Напрасно люди так опасливы! Ни Совет, ни министры отнюдь не хотели мне навредить, нет! Напротив, лишь здесь это важное дело и было взято под покровительство. Теперь я не стану доверять всяким слухам. Задержать ружья было бы таким вероломством, что по меньшей мере легковерно обвинять кого-либо в подобном преступлении по отношению к нации! Всё это, как я вижу, отместка канцелярий. Вся причина в сребролюбии. Мне дали наглядный урок, что не следует никогда творить добро, если это мешает им обделывать свои делишки и посягает на заведенный ход грабежа…» И с этими прекрасными мыслями отправляется обедать в деревню.

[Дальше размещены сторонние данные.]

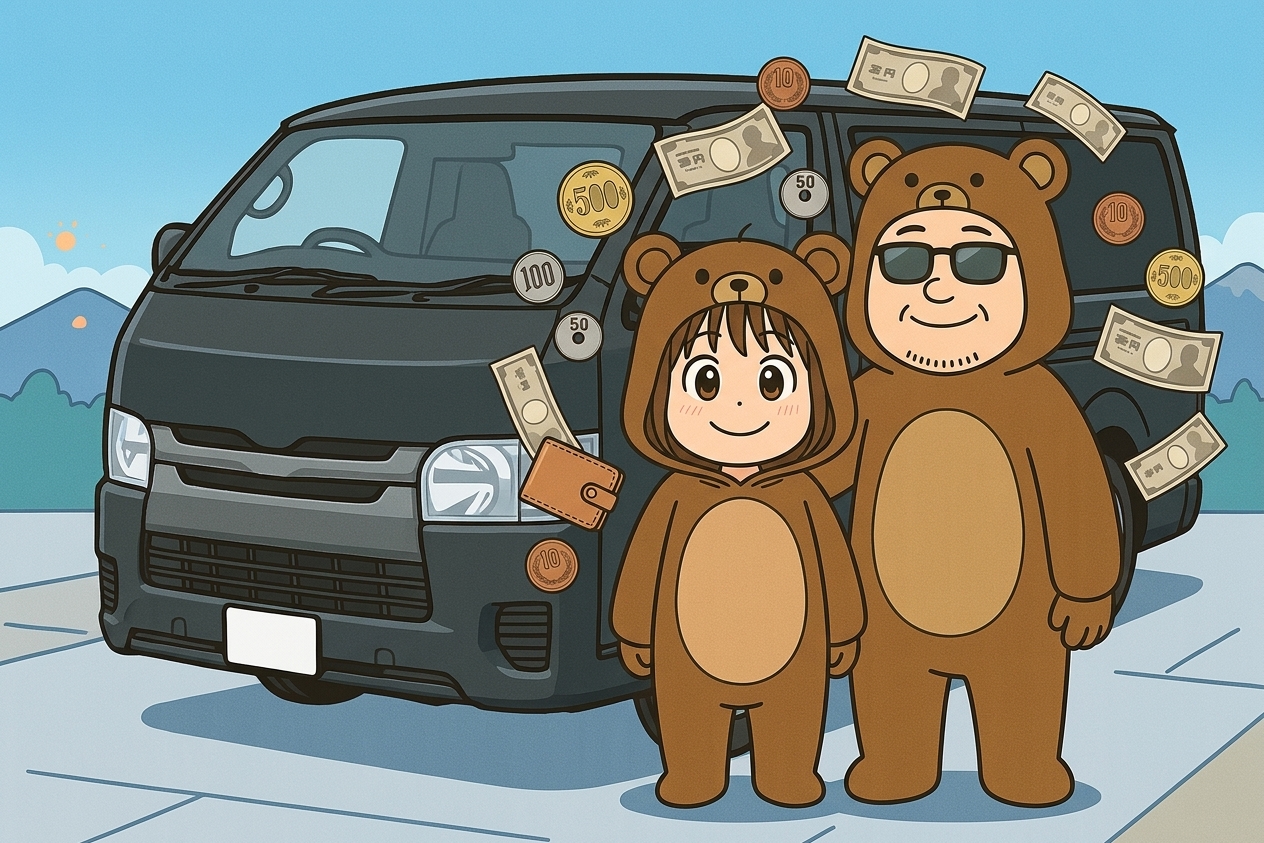 車中泊の節約イメージ｜ハイエース前で笑顔のくま夫婦の周りに小銭やお札・財布が浮かぶ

Ох, не напрасно! Не успевает он глазом моргнуть, как министров отправляют в отставку. В министерствах новые люди, которые не знают толку в делах, тем более не желают вникать во всё то, чем занимались предшественники. В канцеляриях хаос, который чиновники устраивают нарочно, именно ради того, чтобы безотказно действовал этот самый налаженный ход грабежа.
Понятно, он не обращает на это большого внимания. Он одержим идеей довести дело с ружьями до конца. Ружья должны быть доставлены нации. Только этим может завершиться его добровольная служба отечеству. Только этим он оправдает себя. Только этот вернет ему деньги, которые он в это дело вложил.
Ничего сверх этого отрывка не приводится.